TRANSFER LEARNING EXAMPLE

glenn-jocher commented 5 years ago

This guide explains how to train your data with YOLOv3 using Transfer Learning. Transfer learning can be a useful way to quickly retrain YOLOv3 on new data without needing to retrain the entire network. We accomplish this by starting from the official YOLOv3 weights, and setting each layer's .requires_grad field to false that we do not want to calculate gradients for and optimize.

Before You Start

Update (Python >= 3.7, PyTorch >= 1.3, etc.) and install requirements.txt dependencies.
Clone repo: git clone https://github.com/ultralytics/yolov3
Download COCO: bash yolov3/data/get_coco2017.sh

Transfer Learning

1. Download pretrained weights from our Google Drive folder that you want to use to transfer learn, and place them in yolov3/weights/.

*2. Update `.cfgfile** (optional). Each YOLO layer has 255 outputs: 85 outputs per anchor [4 box coordinates + 1 object confidence + 80 class confidences], times 3 anchors. If you use fewer classes, reduce filters tofilters=[4 + 1 + n] * 3, wherenis your class count. This modification should be made to the layer preceding each of the 3 YOLO layers. Also modifyclasses=80toclasses=nin each YOLO layer, wheren` is your class count.

3. Train.

python3 train.py --data coco1cls.data --cfg yolov3-spp-1cls.cfg --weights weights/yolov3-spp.pt --transfer

Run the above code to transfer learn on COCO, or specify your own data as --data data/custom.data (See https://github.com/ultralytics/yolov3/wiki/Train-Custom-Data).
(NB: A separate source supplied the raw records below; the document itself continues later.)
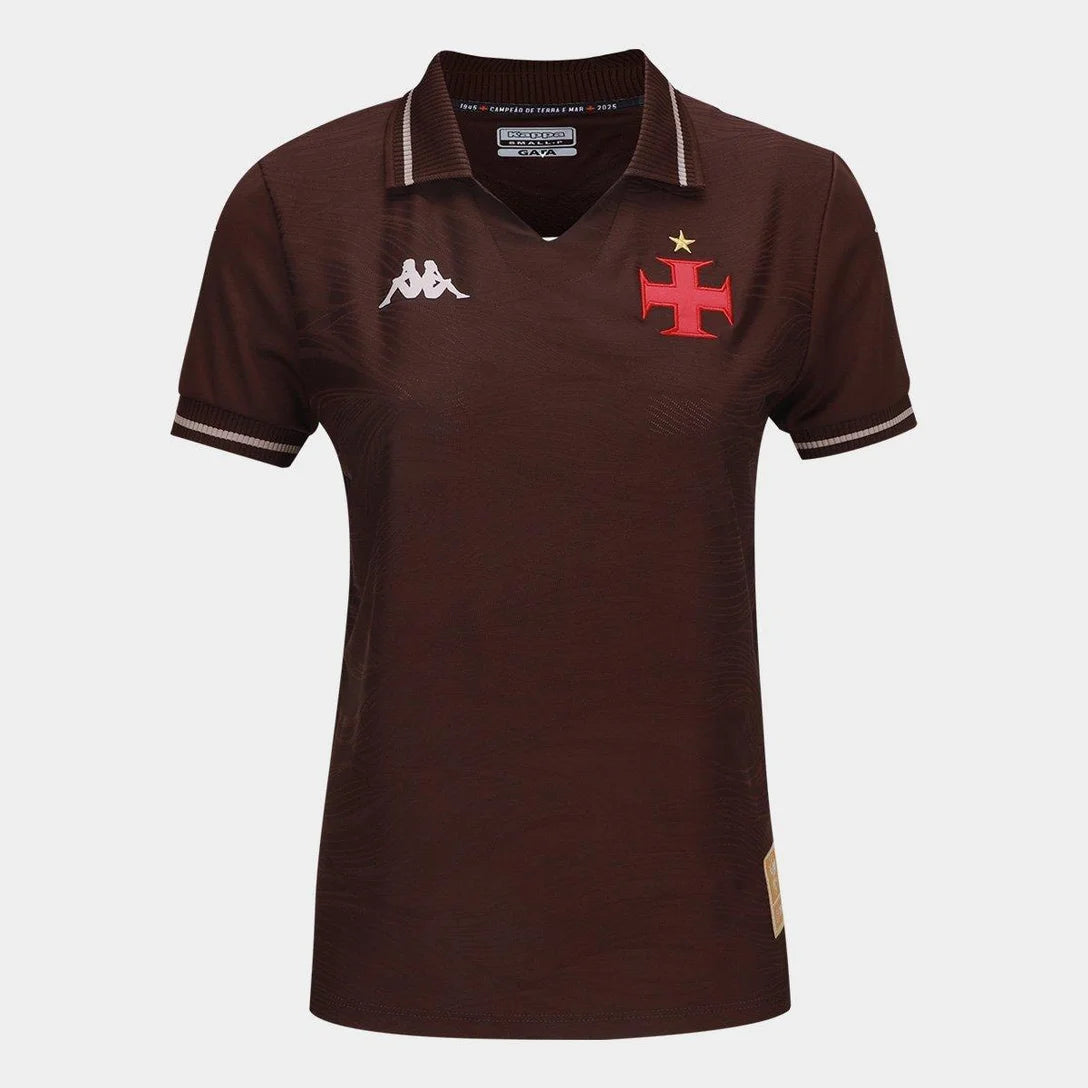 Camisa Vasco Third III 25/26 Kappa - Feminina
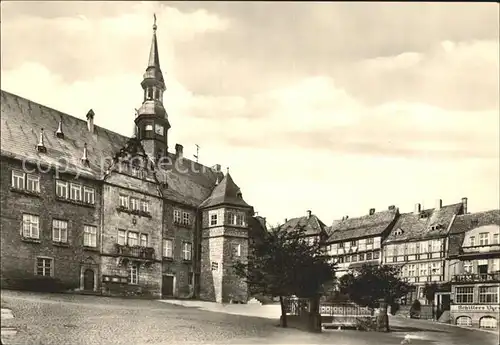 Blankenburg Harz Markt Rathaus  Kat. Blankenburg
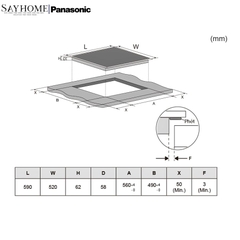 Bếp 3 từ Panasonic KY- R63ABLYUE  tại thành phố Hồ Chí Minh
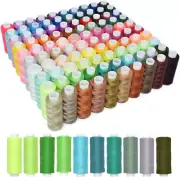 Kit De Hilos De Poliester Multiusos De 100 Colores 250 Yardas Cada Carrete Nueva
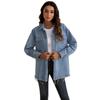 Women's European and American Casual Fashion Long-Sleeved Denim Jacket 2025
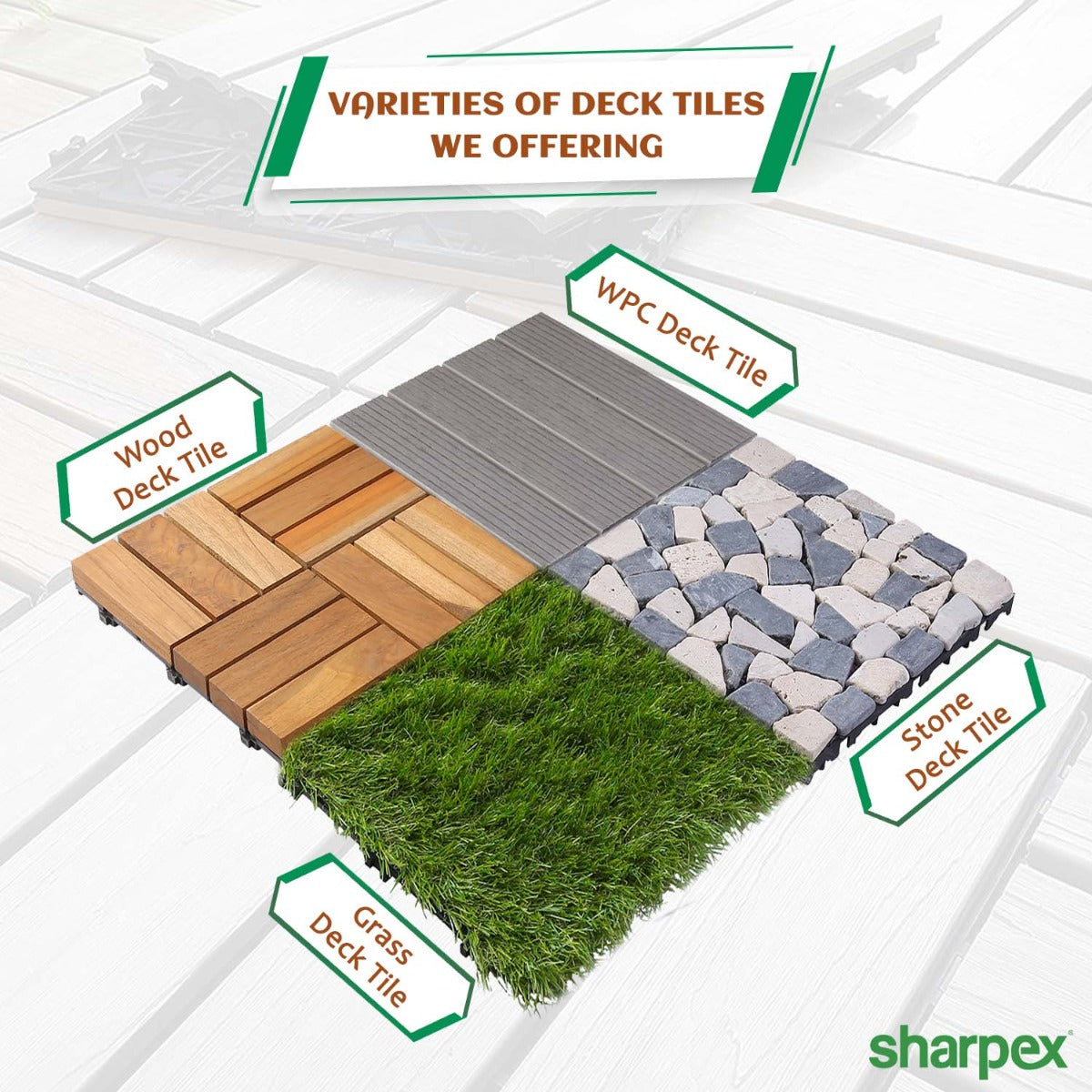 WPC Deck Tiles (TIL-GY-010)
If you created a custom *.cfg file, specify it as --cfg custom.cfg.

You can observe in the Model Summary (using model_info(model, report='full') in train.py) that only the 3 YOLO layers have their gradients activated now (all other layers are frozen for duration of training):

Reproduce Our Environment

To access an up-to-date working environment (with all dependencies including CUDA/CUDNN, Python and PyTorch preinstalled), consider a:

GCP Deep Learning VM with $300 free credit offer: See our GCP Quickstart Guide
Google Colab Notebook with 12 hours of free GPU time: Google Colab Notebook
Docker Image from https://hub.docker.com/r/ultralytics/yolov3. See Docker Quickstart Guide

jw-pyo commented 5 years ago

Hi @glenn-jocher , I have a question about this. I want to change the configuration of yolo layers(remove some layer, change the number of filters, etc..) and apply transfer learning. In this case, is it possible to use transfer learning using the official weight? If it's possible, could you give me the way or just a keyword about this?

glenn-jocher commented 5 years ago

@jw-pyo you can do anything you want, but you have to do it, we can't "give you a way". Recommend you visit our tutorials to get started, and the PyTorch tutorials for more general customization questions.
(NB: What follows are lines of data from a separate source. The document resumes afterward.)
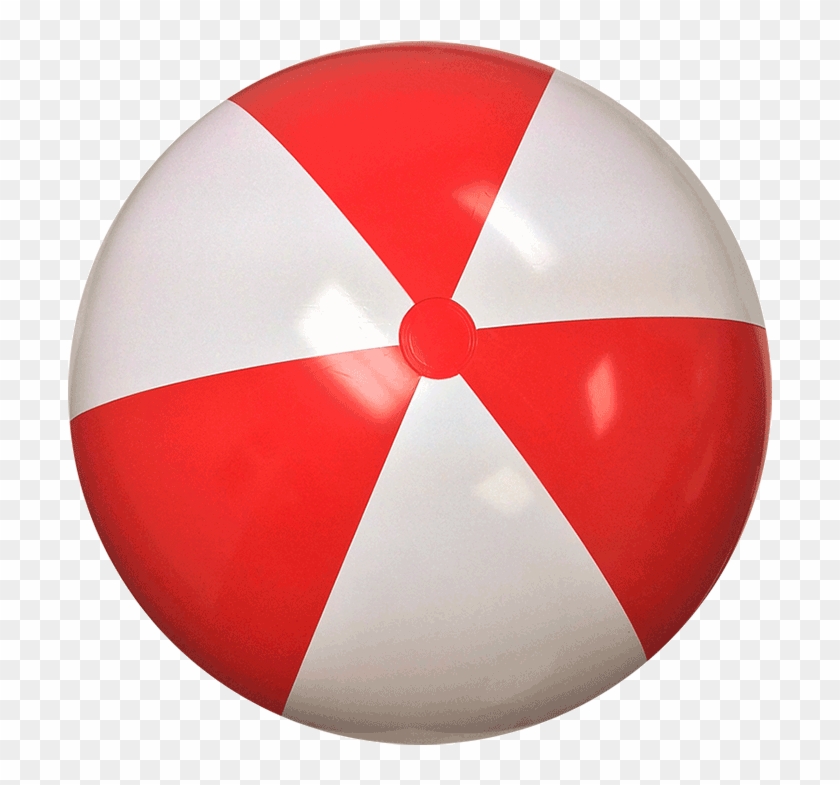 Red Beach Ball Png Clipart #546159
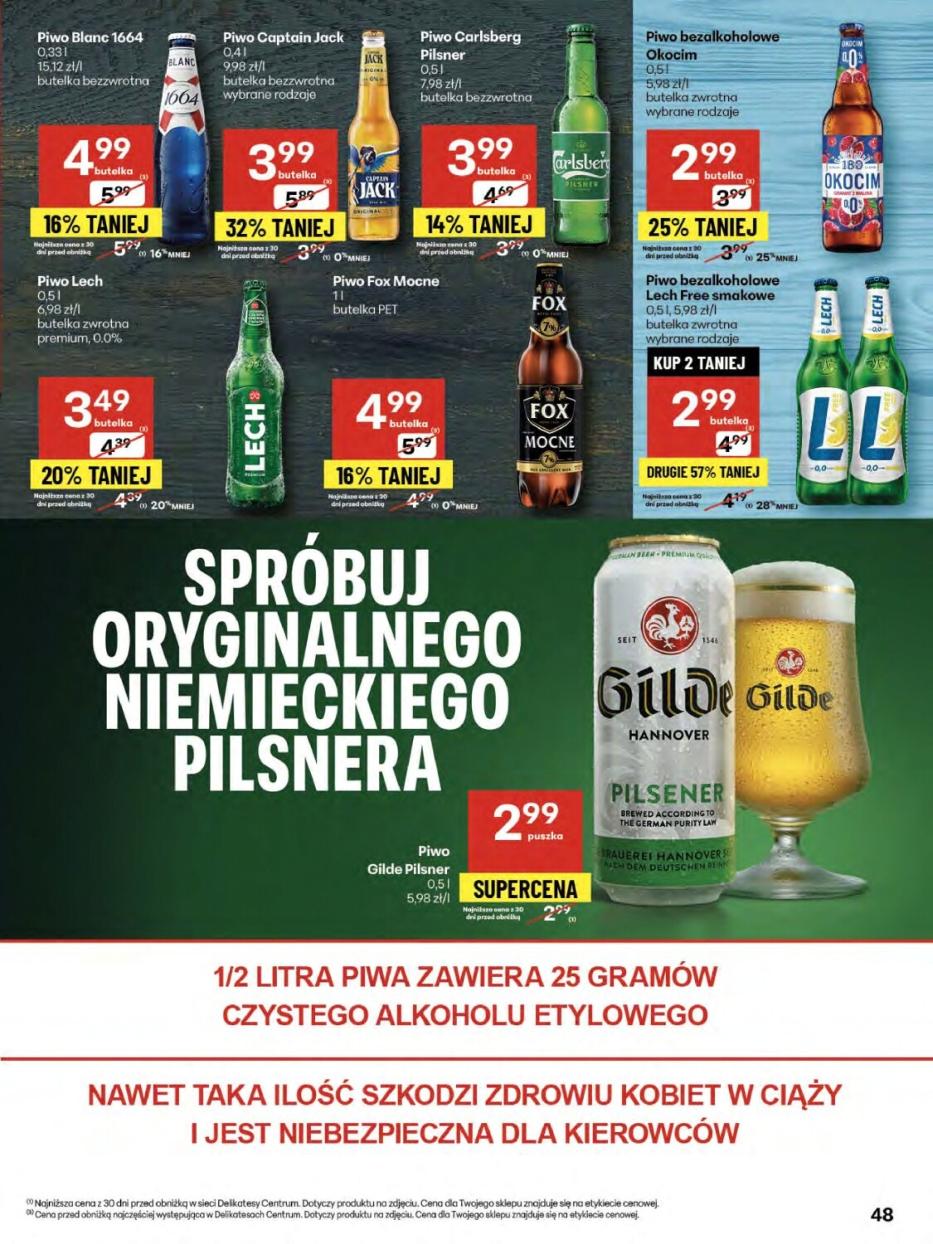 Gazetka promocyjna Delikatesy Centrum do 28/08/2025 str.48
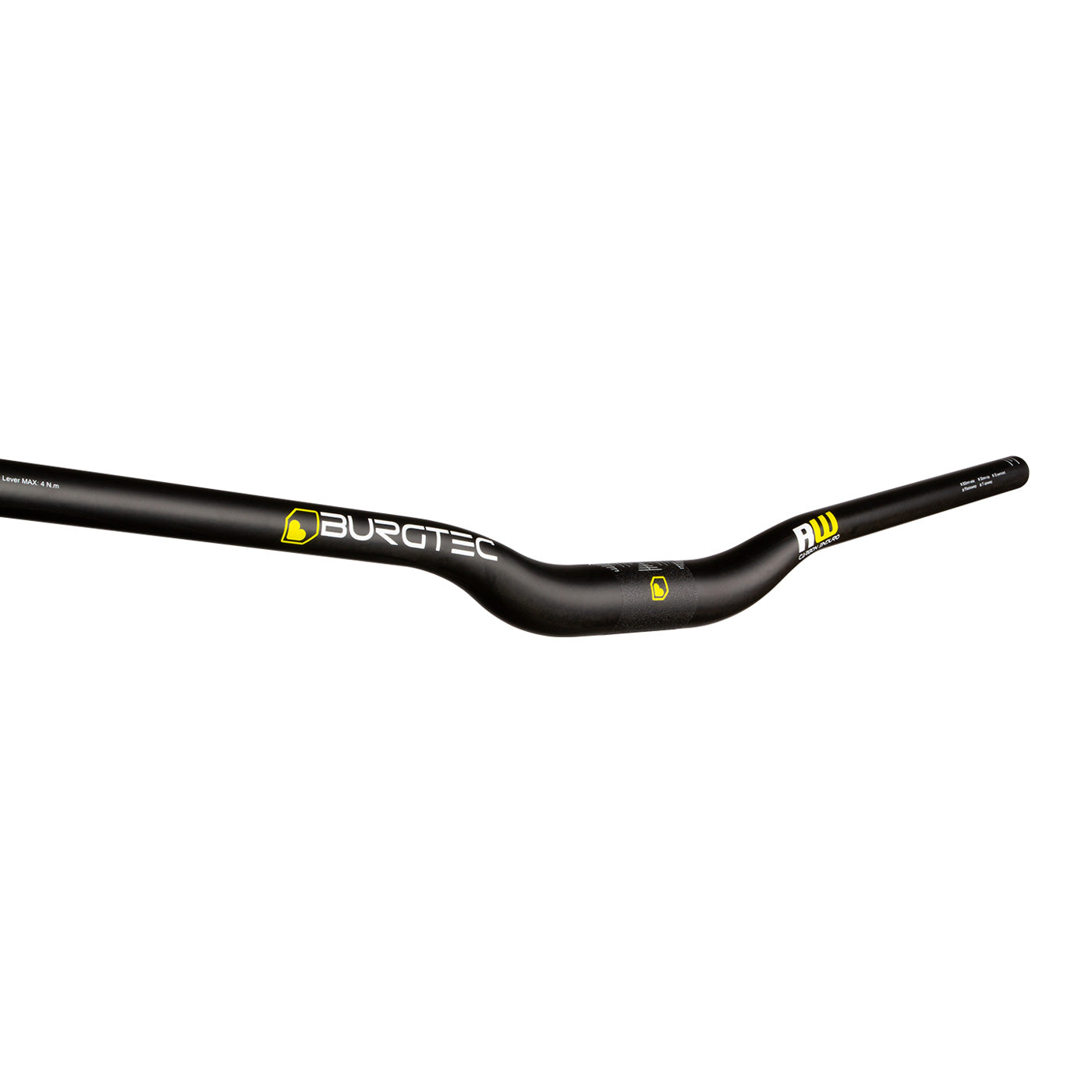 Burgtec Ride Wide Carbon Enduro Riser Bar (35) 30/800mm - UD-Goodwynn&#39;sGoodwynn&#39;s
https://docs.ultralytics.com/yolov5/tutorials/train_custom_data https://github.com/ultralytics/yolov3/wiki/Example:-Transfer-Learning https://pytorch.org/tutorials/

hac135 commented 5 years ago

I hava a problem, I want to train some new classes and pictures using transfer learning. but my classes number=7. so if I use darknet53.conv.74 as pretrained model, it doesn't work ! what should I do

jw-pyo commented 5 years ago

@hac135 If you want to use pretrained model as transfer learning but your own model has different shape, what I know is just copying the weights which are same shape with pretrained model, and about layers of different shape, you just manually initialize the corresponding layer.

glenn-jocher commented 5 years ago

@hac135 most people don't realize this, and it's not the recommended method to go about things, but you can technically use the existing YOLOv3 architecture (and hence the pretrained yolov3.pt) to train any model with n<=80 classes with no changes. The unused conf outputs will learn to simply default to zero, and the rest of the unused outputs (the box and class conf associated with those unused classes) will no longer matter.

For example, our single class tutorial operates just as well with no modifications to the cfg file: https://github.com/ultralytics/yolov3/wiki/Example:-Train-Single-Class

It's not clean and its not optimal, but it works.

hac135 commented 5 years ago

@hac135 most people don't realize this, and it's not the recommended method to go about things, but you can technically use the existing YOLOv3 architecture (and hence the pretrained yolov3.pt) to train any model with n<=80 classes with no changes. The unused conf outputs will learn to simply default to zero, and the rest of the unused outputs (the box and class conf associated with those unused classes) will no longer matter.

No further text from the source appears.